America likes imports on its highways: both the cars that travel them, as well as the road designs themselves. President Eisenhower created the interstate system in the 1950s after being inspired by Germany's autobahns. Roundabouts, long staples of England and Australia, now exist here in the thousands. And the latest roadway innovation, known as the diverging diamond interchange, comes from France zut alors!.
These flashily named interchanges eliminate traditional left-hand turns those that have cars cross lanes for oncoming traffic by briefly shifting drivers to the left side of the road. Traffic lights allow lanes to safely crisscross at an intersection, giving drivers direct access to the left-hand ramp before putting them back on their normal path. (If there were slalom ski races for cars, these diamonds would be perfect practice.)

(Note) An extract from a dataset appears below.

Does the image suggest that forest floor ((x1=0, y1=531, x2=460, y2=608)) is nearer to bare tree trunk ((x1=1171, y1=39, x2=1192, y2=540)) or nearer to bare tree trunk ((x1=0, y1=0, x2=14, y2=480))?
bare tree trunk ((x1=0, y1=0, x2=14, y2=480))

The concept is confusing, but engineers see it as a simple way to fight congestion. "It sounds more complicated, and looks more complicated from the bird's eye, than when you're driving it," says Lee Hillner, a highway engineer who helped open a diverging diamond in St. Louis in October. ("This is either brilliant or bizarre I can't decide which at this point," wrote a blogger that same month on an engineering website.) "The rush-hour backups have disappeared," he says. "There was a lot of concern because it's new and people drive on the left side of the road, but drivers have adapted very quickly."
The Federal Highway Administration likes the math. It reports that what it calls "double crossover diamonds" can handle about 650 left turns per hour twice that of a conventional interchange while overall delays can be cut by up to 60%. The design doesn't work at every intersection, like those where most vehicles are going straight or where area is too limited for turns to be properly spaced. But where the model does work, traffic efficiency is just one of the perks.

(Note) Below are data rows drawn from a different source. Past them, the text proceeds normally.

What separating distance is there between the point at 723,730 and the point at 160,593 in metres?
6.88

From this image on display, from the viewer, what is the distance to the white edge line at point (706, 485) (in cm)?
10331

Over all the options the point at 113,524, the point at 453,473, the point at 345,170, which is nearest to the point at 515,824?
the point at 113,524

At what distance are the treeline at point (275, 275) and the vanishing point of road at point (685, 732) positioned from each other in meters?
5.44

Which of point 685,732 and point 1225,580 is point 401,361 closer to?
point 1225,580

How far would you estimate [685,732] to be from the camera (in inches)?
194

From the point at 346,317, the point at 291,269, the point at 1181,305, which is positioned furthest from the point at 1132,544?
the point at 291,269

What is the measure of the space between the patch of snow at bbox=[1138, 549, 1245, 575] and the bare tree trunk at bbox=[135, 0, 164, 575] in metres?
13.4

It can also be cheaper. The compact design allows engineers to increase traffic flow by changing the way they use existing space rather than turning to the costly addition of extra lanes. "What makes it the next big thing is it's an inexpensive option," says Don Saiko, project manager for the nation's first diverging diamond, which opened in Springfield, Mo., in 2009. The original plan for expanding that intersection was set to cost $10 million, but the diverging diamond ended up costing only $3.2 million. Hillner's project, estimated to cost $23 million for a traditional design, came in at $10 million once the diamond design was chosen. "Literally, these diverging diamond interchanges could save the country billions of dollars," says Gilbert Chlewicki, a Maryland engineer who first got the buzz started after presenting the idea at a California research conference in 2003.
Traffic accidents fell 50% during the first six months at the inaugural interchange, largely because eliminating traditional left turns also eliminates those right-angle, T-bone crashes. (Engineer-speak for why these intersections have fewer accidents: limited "conflict points.") And a second diverging diamond built in Springfield has been well received. "It seems that you can get a lot more vehicles through the intersection in the same period of time," says Howard Jarvis, an emergency room doctor who drives through it on his daily commute. "Conceptually, it's different. But once you've been through it a few times, it's pretty intuitive."
Only five diverging diamonds have been completed in the U.S. so far. (Missouri is leading the charge with three, Utah completed one in August and another opened in Tennessee last December.) But Saiko says he has fielded calls from interested engineers and consultants in 35 states, and at least 10 states are building or planning to build them.
"They're going to be all over the place," says Bob Edwards, a public information officer for the Missouri transportation department. Popular Science named it one of the best innovations of the year in 2009, and the Federal Highway Administration featured it in a recent issue of Public Roads, their transportation-trends magazine.
Why is a design used in Europe for decades only catching on in the U.S. now? It's perplexing in practice, at least at first, and confused drivers can be dangerous ones. While Missouri has reported no wrong-way crashes on its diverging diamonds, drivers have taken wrong turns toward oncoming traffic. Another obstacle is that some American drivers simply don't like the design, no matter how much engineers sing its praises. "The negative is usually, 'I think it's stupid. I don't like it,'" says Saiko.
But as the idea catches on, and people become used to such interchanges, what was once exotic and confusing could become everyday and common. Meanwhile, Washington is paying close attention. "States ultimately make decisions about which type of interchanges they need," Federal Highway Administrator Victor Mendez tells TIME, "but the data are very clear that these work very well."